Like some of my other colleagues, I was a trader for a number of years before I began writing small blurbs with advice to colleagues and associates. After that, one thing led to another and I began writing more and more, additionally I started covering more industries that were less common. After realizing I enjoyed the work, I set off on writing market commentary more and more, eventually freelancing until joining the Economic Calendar team.

Tell Me About Economic Calendar – What Topics Do the Site Cover?

Economic Calendar covers, as the name suggests, economic events from the calendar. Additionally, we cover a lot of commodities and indices that many sites don’t- including steel, coffee, cocoa, Shenzhen stock market, and France’s CAC 40. That’s not to say we don’t have other areas that many traders are interested in, including forex and trending stocks.

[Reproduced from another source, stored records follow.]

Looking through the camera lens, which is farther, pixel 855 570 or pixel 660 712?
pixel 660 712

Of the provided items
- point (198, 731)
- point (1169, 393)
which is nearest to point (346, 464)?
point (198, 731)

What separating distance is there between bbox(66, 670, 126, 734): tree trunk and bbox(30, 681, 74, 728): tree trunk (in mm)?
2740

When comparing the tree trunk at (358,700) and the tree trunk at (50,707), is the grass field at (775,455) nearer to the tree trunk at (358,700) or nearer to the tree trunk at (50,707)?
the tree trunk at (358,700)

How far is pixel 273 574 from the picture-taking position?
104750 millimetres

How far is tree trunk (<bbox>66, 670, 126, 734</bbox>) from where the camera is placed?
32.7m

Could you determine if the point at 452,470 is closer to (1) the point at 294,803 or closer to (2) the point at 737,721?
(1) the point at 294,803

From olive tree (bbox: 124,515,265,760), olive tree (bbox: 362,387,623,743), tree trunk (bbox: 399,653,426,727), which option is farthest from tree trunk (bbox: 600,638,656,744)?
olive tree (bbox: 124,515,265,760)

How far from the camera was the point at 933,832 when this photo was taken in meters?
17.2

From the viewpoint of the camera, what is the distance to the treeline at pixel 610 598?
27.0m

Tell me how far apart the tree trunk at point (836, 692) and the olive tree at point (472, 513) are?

Our analysts are experts in their respective fields and provide readers unique market commentary on a daily basis. The site was founded in late 2015 with the principle to provide quality market commentary all in one place. Our team has grown to 8 analysts strong over the past 6 months, with each specializing in key areas.

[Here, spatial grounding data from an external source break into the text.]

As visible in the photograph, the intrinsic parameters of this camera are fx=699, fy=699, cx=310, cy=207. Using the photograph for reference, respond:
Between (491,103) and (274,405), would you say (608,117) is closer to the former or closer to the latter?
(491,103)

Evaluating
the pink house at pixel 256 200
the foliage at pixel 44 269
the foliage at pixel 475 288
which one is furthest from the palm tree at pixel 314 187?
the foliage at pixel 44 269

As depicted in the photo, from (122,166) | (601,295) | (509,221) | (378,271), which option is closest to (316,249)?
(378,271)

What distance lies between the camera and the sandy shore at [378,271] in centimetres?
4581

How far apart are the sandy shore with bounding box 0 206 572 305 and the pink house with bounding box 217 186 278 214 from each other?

Tell Me What is Going on in the Oil Industry

The big picture problem is simple- there is a supply and demand imbalance that is affecting the prices. Recently prices started rising due to supply concerns, Canadian production is disrupted and Nigeria’s is under attach from militants. While prices have surged past the psychological level of $50, keep in mind major producers such as Saudi Arabia, Russia, and Venezuela are cash-strapped and aren’t looking to cut production.

Those countries have obligations to deliver oil futures and aren’t going to cut production; it’s not in their interest. They need money now and will sell as much oil as possible to make up any budget shortfalls, which may seem counterproductive but is the reality.

Additionally, Iran is back in the oil market, adding even more of the commodity to the oversupplied market. Iran is looking to increase production even more by the end of the year.

OPEC’s recent meeting was useless, as I wrote in an earlier article. The most interesting thing about that meeting was what the delegates will select for dinner.

Remember that the US shale producers that OPEC is trying to price out of the market are not going to go away.

How Can Investors Get in On the Action?

There are different instruments traders can use, including options, ETFs, CFDs for those living in countries where they are permitted. Even investing in stocks can be an indirect way of cashing in on oil, as many companies’ earnings are dependent on oil.

Read the news, although the way the market is right now, any bit of news can send jitters through the market. My advice is to keep focusing on the big picture, which, in my opinion, in the long-term does not seem too bright for oil.